Dataset entries =
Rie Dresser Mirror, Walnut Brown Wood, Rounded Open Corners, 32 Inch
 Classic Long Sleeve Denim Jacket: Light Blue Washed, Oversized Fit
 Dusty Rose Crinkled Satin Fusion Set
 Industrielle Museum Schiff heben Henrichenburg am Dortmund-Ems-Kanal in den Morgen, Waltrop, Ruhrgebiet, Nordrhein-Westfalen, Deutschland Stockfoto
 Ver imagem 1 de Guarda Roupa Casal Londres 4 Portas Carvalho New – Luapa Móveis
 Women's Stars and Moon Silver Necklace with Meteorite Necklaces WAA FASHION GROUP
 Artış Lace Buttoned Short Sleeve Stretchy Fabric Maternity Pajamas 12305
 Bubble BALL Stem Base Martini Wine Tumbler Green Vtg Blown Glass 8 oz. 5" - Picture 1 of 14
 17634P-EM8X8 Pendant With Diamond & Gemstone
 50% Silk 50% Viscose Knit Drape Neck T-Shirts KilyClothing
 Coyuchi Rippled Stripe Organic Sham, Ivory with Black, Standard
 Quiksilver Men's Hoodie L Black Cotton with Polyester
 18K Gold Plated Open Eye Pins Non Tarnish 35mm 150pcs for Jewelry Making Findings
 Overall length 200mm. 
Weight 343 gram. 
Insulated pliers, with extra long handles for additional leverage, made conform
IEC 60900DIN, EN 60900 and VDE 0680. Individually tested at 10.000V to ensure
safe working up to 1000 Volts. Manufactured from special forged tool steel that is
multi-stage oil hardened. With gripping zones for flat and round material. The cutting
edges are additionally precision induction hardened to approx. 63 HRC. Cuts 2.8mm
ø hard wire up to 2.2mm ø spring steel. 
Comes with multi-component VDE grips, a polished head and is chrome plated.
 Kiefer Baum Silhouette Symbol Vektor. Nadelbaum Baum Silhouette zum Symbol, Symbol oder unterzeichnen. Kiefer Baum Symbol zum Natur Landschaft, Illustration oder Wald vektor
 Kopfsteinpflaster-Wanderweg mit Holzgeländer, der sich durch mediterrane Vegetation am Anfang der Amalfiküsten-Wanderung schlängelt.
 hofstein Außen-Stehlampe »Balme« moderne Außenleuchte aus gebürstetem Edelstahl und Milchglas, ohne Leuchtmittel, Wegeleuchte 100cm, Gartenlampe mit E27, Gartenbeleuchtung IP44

Exercise description =
In the listing above, find the line containing "Classic Long Sleeve" and the line containing "Weight 343 gram.", then repeat those two lines and everything between them exactly.

Response area =
 Classic Long Sleeve Denim Jacket: Light Blue Washed, Oversized Fit
 Dusty Rose Crinkled Satin Fusion Set
 Industrielle Museum Schiff heben Henrichenburg am Dortmund-Ems-Kanal in den Morgen, Waltrop, Ruhrgebiet, Nordrhein-Westfalen, Deutschland Stockfoto
 Ver imagem 1 de Guarda Roupa Casal Londres 4 Portas Carvalho New – Luapa Móveis
 Women's Stars and Moon Silver Necklace with Meteorite Necklaces WAA FASHION GROUP
 Artış Lace Buttoned Short Sleeve Stretchy Fabric Maternity Pajamas 12305
 Bubble BALL Stem Base Martini Wine Tumbler Green Vtg Blown Glass 8 oz. 5" - Picture 1 of 14
 17634P-EM8X8 Pendant With Diamond & Gemstone
 50% Silk 50% Viscose Knit Drape Neck T-Shirts KilyClothing
 Coyuchi Rippled Stripe Organic Sham, Ivory with Black, Standard
 Quiksilver Men's Hoodie L Black Cotton with Polyester
 18K Gold Plated Open Eye Pins Non Tarnish 35mm 150pcs for Jewelry Making Findings
 Overall length 200mm. 
Weight 343 gram. 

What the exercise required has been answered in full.